INPUT MATERIAL>

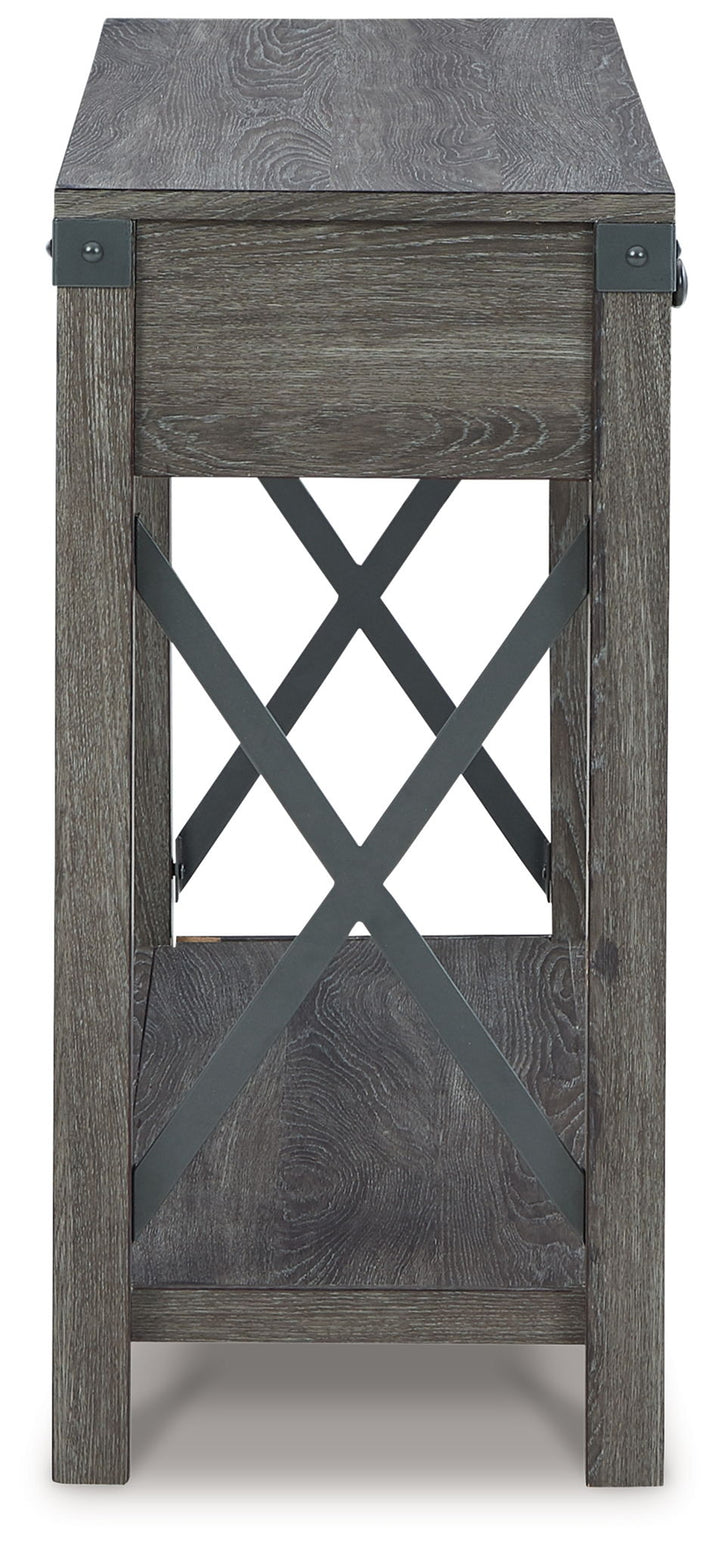 Freedan - Console Sofa Table - Grayish Brown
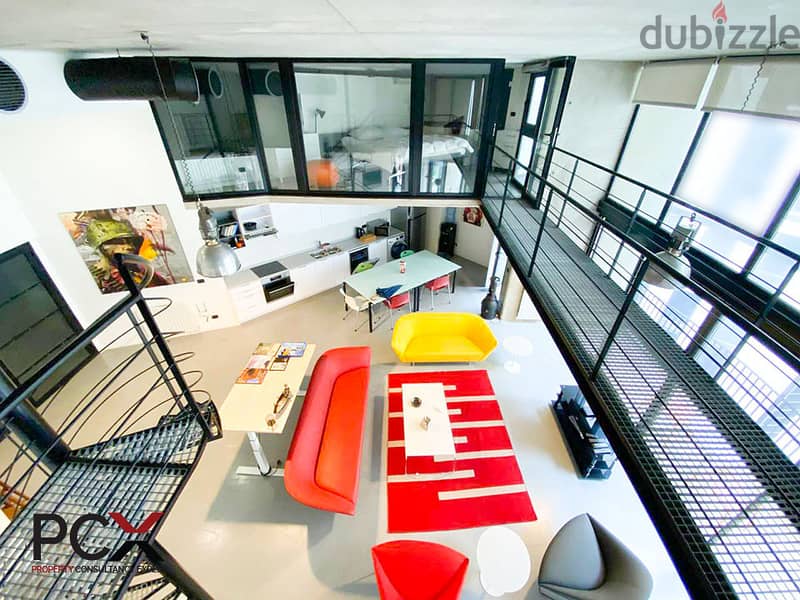 Loft For Rent In Achrafieh | Modern | Electricity & Security 0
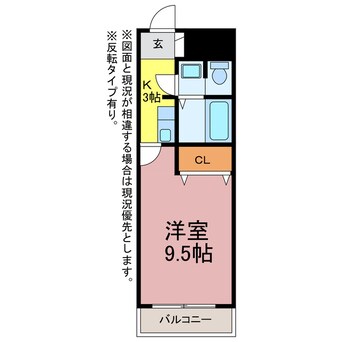 間取図 シャンテ豊橋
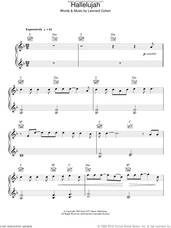Cover icon of Hallelujah sheet music for piano solo by Alexandra Burke, Jeff Buckley, John Cale, K.D. Lang, Rufus Wainwright and Leonard Cohen, easy skill level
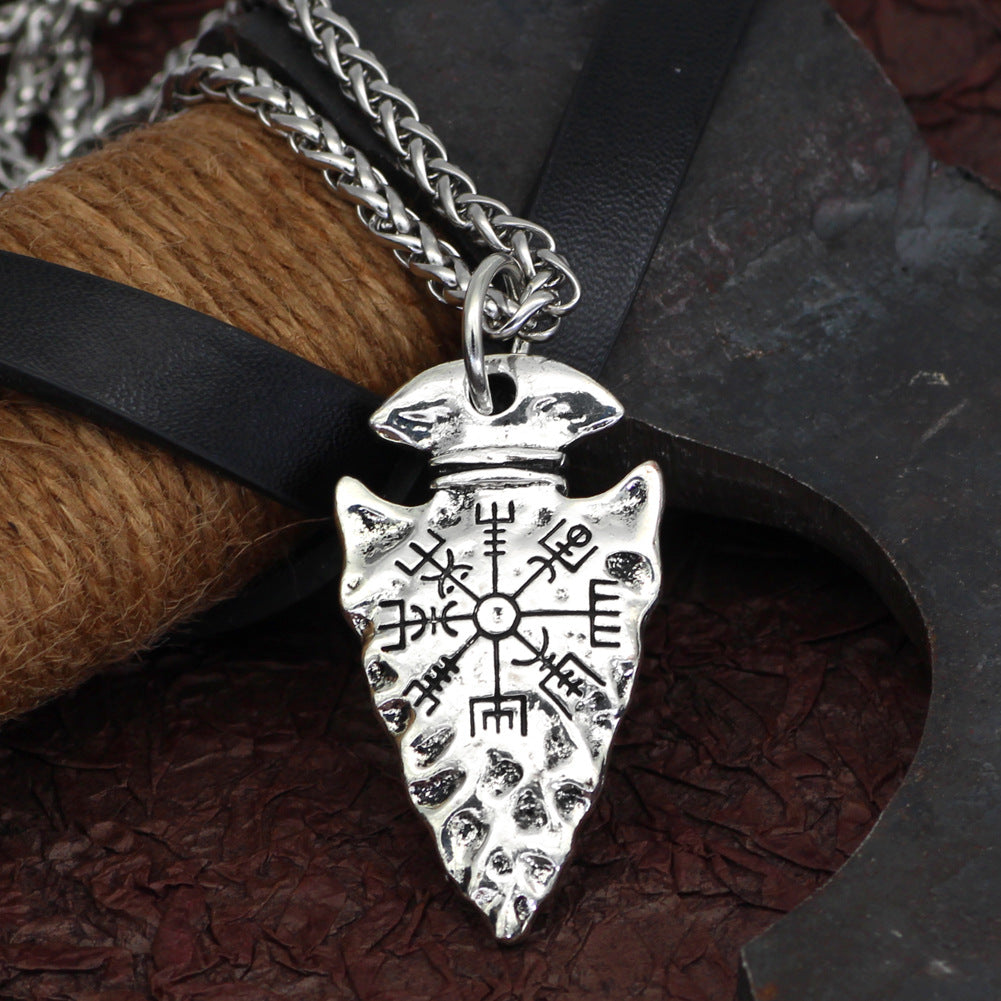 Hip Hop Vegvisir Viking Pendant Compass Necklace for Men and Women Ornament - viking necklace - Luckacco Jewelry and Watch Store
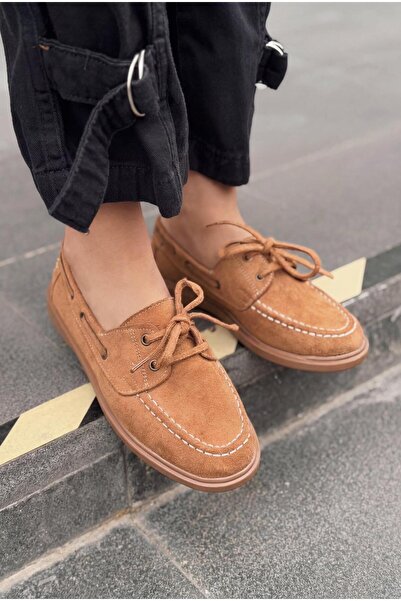 I Love Shoes Γυναικεία παπούτσια Oxford Morin σε καφέ σουέντ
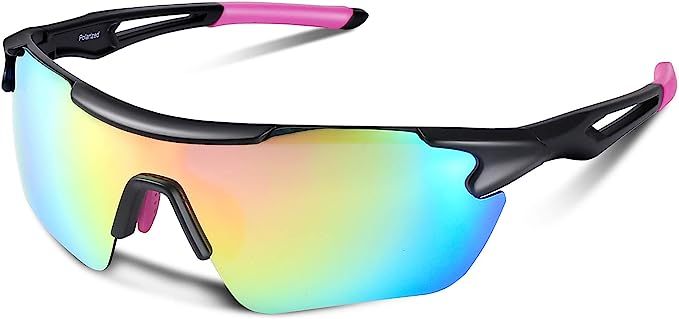 Polarized Sports Sunglasses for Men Women Youth Baseball Cycling Running Driving Fishing Golf Mot... | Amazon (US)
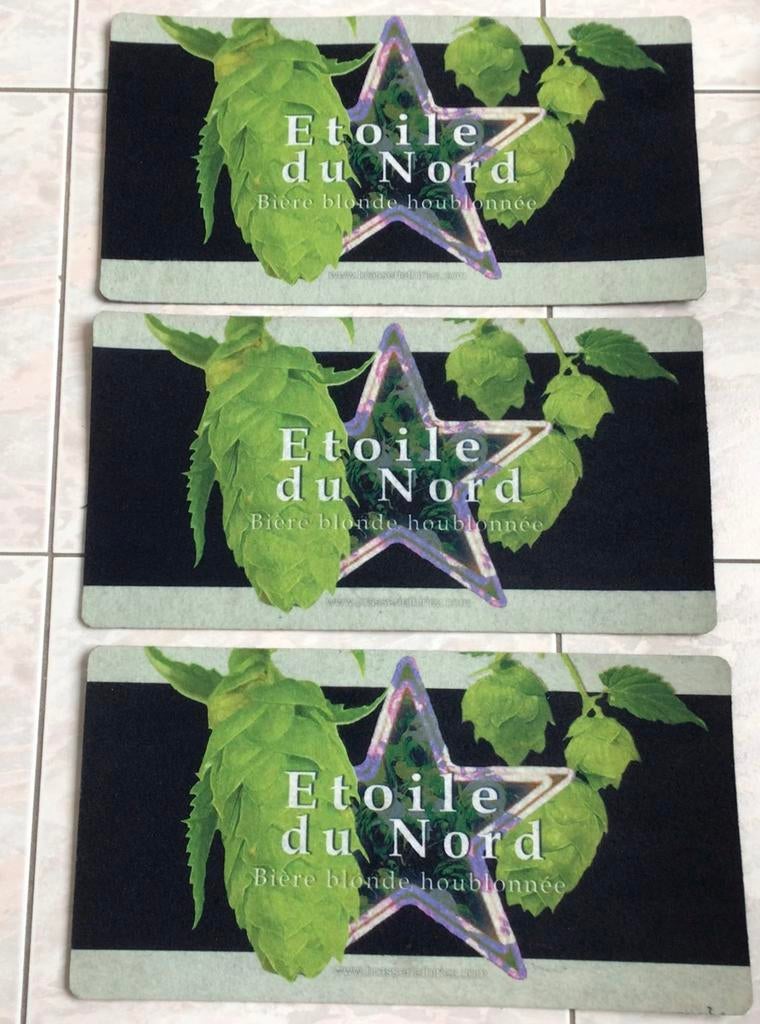 Tapis de bar Etoile du Nord, 3 pièces, Enlèvement ou Envoi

WHAT THE TASK REQUIRES> The whole listing is to be retyped exactly, with its pictures removed.

ANSWER BOX>
 Freedan - Console Sofa Table - Grayish Brown
 Loft For Rent In Achrafieh | Modern | Electricity & Security 0
 間取図 シャンテ豊橋
Cover icon of Hallelujah sheet music for piano solo by Alexandra Burke, Jeff Buckley, John Cale, K.D. Lang, Rufus Wainwright and Leonard Cohen, easy skill level
 Hip Hop Vegvisir Viking Pendant Compass Necklace for Men and Women Ornament - viking necklace - Luckacco Jewelry and Watch Store
 I Love Shoes Γυναικεία παπούτσια Oxford Morin σε καφέ σουέντ
 Polarized Sports Sunglasses for Men Women Youth Baseball Cycling Running Driving Fishing Golf Mot... | Amazon (US)
 Tapis de bar Etoile du Nord, 3 pièces, Enlèvement ou Envoi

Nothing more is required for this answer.